Definition

In electronics design, glitch refers to unnecessary signal transitions in a combinational circuit, while glitch power refers to the power consumed by glitches. The extra switching activity can lead to up to 40% of additional dynamic power consumption. The amount of glitch is proportional to the number of operations executed by the SoC, making glitch an important problem to address for artificial intelligence (AI) accelerators, where tiles are executing many operations. Since glitches can cause potential electro-mechanical (EM) and IR drop issues (even in the power grid), they should be suppressed by the designers or via implementation or ECO tools.

For designers, identifying glitches and revealing the extra power they consume requires special attention to cell delays and wire delays. Glitches occur if signal timing within the paths of a combinational circuit are imbalanced, causing a race condition. With accurate delay information, tools can capture these glitches and measure the power consumption caused by the extra switching activity.

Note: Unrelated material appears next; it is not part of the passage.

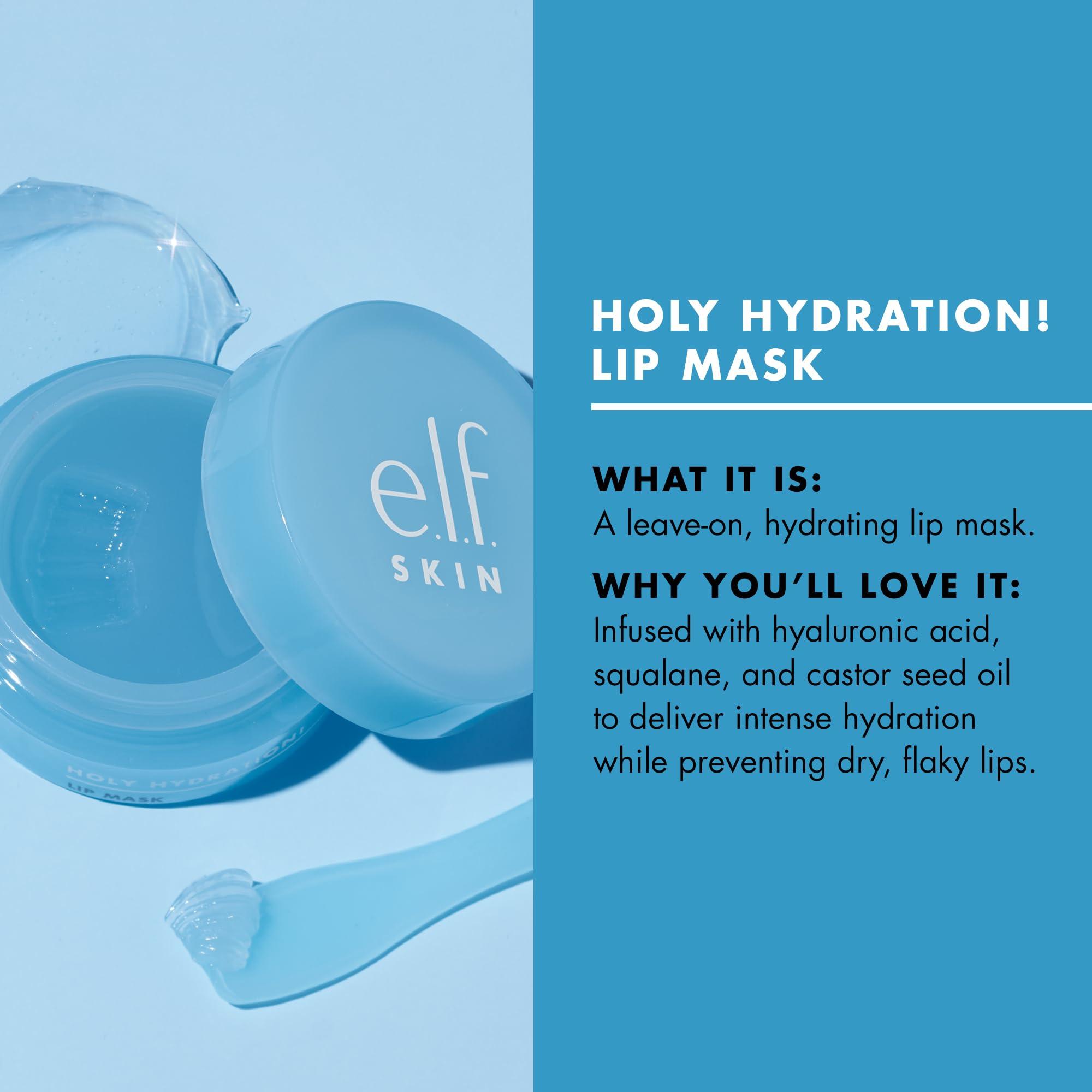 e.l.f. SKIN Holy Hydration! Lip Mask, Hydrating Lip Mask For A Softer & Smoother Pout, Infused With Hyaluronic Acid, Non-Sticky, Vegan & Cruelty-Free (pack of 1) - Image 3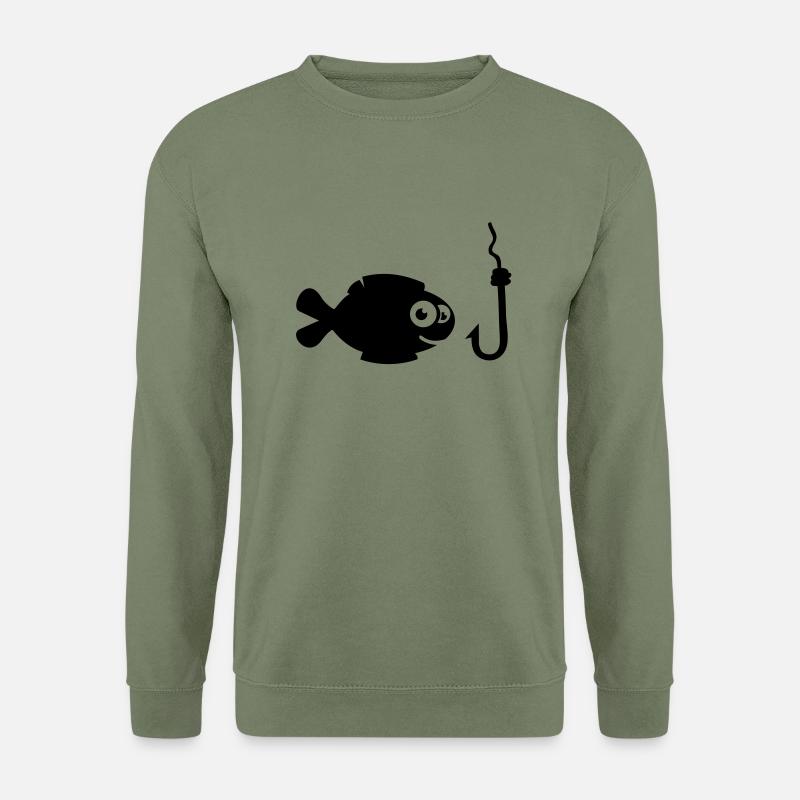 fisch_haken_comic_t1 - Unisex Sweatshirt - army green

Due to the huge number of operations performed when the AI algorithm is run on hardware, glitch power has become a critical consideration in terms of overall power consumption. Glitch power can represent up to 40% of the total power. In addition, due to the symmetric and replicated architecture of AI hardware, it is very important to identify the best possible micro-architecture for glitch early in the design cycle and, ideally, at the system level or RTL level. Reducing power for a highly replicated tile will lead to high-energy savings at the chip level. Typically, glitch power is computed very late in the flow when gate-level simulation with timing delays is available. This is too late to perform changes to the micro-architecture, take glitch power into consideration as part of the power budget during implementation, or perform specific ECOs to reduce glitch power. Hence, it is important to have in place a glitch power analysis solution along with delay-aware and glitch-aware vector generation early in the design cycle.

Glitch Power Figure 1 | Synopsys

How Does Glitch Power Work?

Glitches occur if signal timing within the paths of a combinational circuit are imbalanced, causing a race condition. This generates an unwanted signal transition, causing additional dynamic power (potentially leading to up to 40% additional dynamic power). 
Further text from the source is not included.